The headline for this decision would appear to be (1) Lord Hoffmann’s wider approach rules out damages for loss of profit on a follow-on voyage as a matter of law, whereas (2) Lord Rodger’s narrower approach rules out damages for loss of profit on the follow-on voyage on the facts of the case. The final result (on both grounds) is that the House allowed the charterer’s appeal unanimously.

But, given that these leading speeches give contradictory results of principle (as the recoverability of loss of profit on a follow-on fixture is either a question of law or a question of fact), it is disappointing to note that an analysis of who agreed with whom and on what ground does not appear to provide the clear (thus definitive) majority decision one would hope for on such a critical and previously undecided issue.

As Lord Walker highlighted, John Weale in [2008] LMCLQ 6 suggested that the outcome of the case (prior to reaching the House) was influenced by the charterer’s concessions.

It may therefore be argued that the present decision should very much be limited to its own peculiar circumstances even though the assumption of responsibility ground has much wider implications. In order to curtail the wider ground from excluding all claims for loss of profit on a follow-on charter following late redelivery it is also perhaps best to read it as limited to the first limb of Hadley v Baxendale only (even though the English courts have tried to discourage an artificial distinction between the two limbs). This would leave scope for special circumstances to be brought to the attention of the charterer before entering the contract, so leaves scope for the scenario of Lord Rodger at [59] and perhaps in some other limited circumstances too.

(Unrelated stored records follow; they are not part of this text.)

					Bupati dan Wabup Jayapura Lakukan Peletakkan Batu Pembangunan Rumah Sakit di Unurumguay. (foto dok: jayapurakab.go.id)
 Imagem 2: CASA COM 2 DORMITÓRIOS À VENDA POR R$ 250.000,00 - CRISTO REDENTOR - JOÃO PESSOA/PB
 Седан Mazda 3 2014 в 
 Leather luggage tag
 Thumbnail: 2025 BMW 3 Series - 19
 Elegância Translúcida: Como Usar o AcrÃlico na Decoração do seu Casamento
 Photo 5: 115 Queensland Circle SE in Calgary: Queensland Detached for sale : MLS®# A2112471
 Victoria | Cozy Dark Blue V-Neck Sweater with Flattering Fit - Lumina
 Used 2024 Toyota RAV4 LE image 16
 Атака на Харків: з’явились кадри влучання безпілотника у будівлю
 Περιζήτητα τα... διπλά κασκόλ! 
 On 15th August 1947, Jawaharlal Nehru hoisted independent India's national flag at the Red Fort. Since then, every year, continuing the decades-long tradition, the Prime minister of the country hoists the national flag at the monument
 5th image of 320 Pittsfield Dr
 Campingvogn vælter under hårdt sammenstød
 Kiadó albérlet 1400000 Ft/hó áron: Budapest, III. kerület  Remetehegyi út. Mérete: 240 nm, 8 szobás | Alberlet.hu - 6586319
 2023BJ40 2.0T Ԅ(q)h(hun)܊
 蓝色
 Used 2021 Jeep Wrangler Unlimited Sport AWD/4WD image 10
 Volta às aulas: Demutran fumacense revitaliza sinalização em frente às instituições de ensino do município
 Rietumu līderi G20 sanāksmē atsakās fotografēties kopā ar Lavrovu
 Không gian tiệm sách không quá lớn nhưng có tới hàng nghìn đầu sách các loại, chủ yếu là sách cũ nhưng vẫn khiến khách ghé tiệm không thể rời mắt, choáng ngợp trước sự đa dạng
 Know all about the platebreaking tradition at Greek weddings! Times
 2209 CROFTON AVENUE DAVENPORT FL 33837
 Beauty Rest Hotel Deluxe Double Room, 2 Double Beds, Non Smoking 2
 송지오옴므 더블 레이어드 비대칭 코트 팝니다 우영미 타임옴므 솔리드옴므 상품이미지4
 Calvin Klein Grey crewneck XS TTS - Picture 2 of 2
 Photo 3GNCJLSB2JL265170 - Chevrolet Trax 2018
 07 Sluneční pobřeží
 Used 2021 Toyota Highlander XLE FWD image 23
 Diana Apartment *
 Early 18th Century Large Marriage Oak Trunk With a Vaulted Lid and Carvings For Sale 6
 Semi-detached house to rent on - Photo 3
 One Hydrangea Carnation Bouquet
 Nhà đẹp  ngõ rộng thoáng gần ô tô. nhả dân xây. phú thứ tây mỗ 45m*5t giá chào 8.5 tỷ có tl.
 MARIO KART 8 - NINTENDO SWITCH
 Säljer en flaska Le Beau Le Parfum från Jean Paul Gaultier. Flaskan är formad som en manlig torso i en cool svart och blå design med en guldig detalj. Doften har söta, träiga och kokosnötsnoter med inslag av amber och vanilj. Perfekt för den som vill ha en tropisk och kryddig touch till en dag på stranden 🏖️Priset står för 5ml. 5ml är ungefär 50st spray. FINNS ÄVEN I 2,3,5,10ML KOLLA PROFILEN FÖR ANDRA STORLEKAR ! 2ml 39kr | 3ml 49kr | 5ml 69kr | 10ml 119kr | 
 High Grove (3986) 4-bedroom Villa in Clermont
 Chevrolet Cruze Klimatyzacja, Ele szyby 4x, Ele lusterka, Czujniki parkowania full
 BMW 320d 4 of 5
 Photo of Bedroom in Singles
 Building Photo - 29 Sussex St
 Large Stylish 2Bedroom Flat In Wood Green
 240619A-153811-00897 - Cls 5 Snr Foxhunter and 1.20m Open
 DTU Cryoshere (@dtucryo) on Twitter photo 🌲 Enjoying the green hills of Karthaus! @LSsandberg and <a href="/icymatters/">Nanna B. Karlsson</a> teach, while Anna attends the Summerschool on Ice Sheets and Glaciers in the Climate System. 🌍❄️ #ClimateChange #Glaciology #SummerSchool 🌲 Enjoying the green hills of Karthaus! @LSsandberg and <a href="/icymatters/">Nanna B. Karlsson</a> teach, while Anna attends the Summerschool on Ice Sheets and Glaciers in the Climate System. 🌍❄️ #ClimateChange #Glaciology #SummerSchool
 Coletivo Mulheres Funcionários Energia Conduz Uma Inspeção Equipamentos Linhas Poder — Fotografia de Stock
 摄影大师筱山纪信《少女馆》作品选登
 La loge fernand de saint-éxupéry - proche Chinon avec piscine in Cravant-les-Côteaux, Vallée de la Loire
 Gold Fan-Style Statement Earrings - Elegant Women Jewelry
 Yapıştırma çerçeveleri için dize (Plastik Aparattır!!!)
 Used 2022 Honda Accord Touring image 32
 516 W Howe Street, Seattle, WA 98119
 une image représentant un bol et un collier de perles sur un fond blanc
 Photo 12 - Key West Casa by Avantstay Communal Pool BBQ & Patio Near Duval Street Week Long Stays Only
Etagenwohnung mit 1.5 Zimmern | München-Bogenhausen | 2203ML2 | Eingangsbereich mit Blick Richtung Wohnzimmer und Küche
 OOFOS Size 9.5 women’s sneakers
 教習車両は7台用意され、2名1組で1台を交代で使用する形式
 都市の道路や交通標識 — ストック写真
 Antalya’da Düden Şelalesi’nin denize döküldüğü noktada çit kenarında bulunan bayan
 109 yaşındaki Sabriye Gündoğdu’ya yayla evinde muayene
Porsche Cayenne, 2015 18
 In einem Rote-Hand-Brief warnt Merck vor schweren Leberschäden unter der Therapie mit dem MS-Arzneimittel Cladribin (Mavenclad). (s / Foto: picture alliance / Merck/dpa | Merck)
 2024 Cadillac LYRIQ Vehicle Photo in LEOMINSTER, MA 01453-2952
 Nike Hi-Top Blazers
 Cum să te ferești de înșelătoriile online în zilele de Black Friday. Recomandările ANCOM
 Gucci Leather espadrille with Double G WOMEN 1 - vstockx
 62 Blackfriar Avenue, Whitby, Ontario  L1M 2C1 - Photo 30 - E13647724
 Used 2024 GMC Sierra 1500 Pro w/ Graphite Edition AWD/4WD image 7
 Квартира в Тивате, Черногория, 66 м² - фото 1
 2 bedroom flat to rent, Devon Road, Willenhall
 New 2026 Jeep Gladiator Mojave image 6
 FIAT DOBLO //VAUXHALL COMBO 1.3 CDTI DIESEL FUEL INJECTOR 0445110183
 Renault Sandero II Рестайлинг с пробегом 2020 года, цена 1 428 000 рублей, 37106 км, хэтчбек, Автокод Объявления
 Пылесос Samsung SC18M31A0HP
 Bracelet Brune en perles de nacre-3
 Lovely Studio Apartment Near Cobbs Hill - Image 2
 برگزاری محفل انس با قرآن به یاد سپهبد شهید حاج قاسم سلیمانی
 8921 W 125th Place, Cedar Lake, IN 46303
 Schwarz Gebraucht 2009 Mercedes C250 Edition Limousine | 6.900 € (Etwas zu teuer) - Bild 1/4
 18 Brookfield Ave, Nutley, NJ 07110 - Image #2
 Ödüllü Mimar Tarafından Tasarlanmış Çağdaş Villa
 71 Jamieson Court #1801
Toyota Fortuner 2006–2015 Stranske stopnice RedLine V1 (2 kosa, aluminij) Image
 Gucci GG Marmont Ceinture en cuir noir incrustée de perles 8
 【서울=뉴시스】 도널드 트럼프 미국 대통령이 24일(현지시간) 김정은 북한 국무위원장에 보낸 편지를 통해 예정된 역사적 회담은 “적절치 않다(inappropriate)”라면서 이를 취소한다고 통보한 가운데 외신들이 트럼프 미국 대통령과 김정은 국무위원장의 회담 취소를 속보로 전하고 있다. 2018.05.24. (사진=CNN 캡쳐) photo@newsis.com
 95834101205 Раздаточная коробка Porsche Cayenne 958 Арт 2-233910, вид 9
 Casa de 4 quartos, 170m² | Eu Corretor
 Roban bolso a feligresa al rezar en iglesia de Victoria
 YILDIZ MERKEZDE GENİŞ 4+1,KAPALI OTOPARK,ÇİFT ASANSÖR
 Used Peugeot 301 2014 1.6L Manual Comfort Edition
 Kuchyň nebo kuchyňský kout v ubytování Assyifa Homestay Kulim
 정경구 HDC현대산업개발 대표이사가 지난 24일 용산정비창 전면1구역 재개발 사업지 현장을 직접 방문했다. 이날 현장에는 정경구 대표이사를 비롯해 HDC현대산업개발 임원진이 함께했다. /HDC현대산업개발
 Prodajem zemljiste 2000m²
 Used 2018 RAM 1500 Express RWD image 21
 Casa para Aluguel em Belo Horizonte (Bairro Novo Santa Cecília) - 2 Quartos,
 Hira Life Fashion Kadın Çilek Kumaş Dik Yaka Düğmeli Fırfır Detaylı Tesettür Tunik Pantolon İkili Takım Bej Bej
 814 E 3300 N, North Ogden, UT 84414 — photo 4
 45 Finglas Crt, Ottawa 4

A further argument in favour of the narrower ground is that it treads with care on new territory (which has wider general application in the law of contract) by finding the one factor in the factual matrix of all the material circumstances that dictates the outcome in the present case – namely that the actual size of the loss could be deemed to be sufficiently unusual to be an unlikely result given the freak fluctuations in the freight market at that time. Those familiar with the work of Dr Martin Stopford of Clarksons Research (see for example Maritime Economics, Routledge (1997), and The Handbook of Maritime Economics and Business, LLP (2002), Chapter 10) can appreciate that sharp freight rate fluctuations happen from time to time but are in no way frequent or readily predictable, so could in the round be deemed sufficiently unusual or special circumstances that such losses of profit that result from them are of a category of loss in line with the unusual high profit loss identified in the Victoria Laundry case.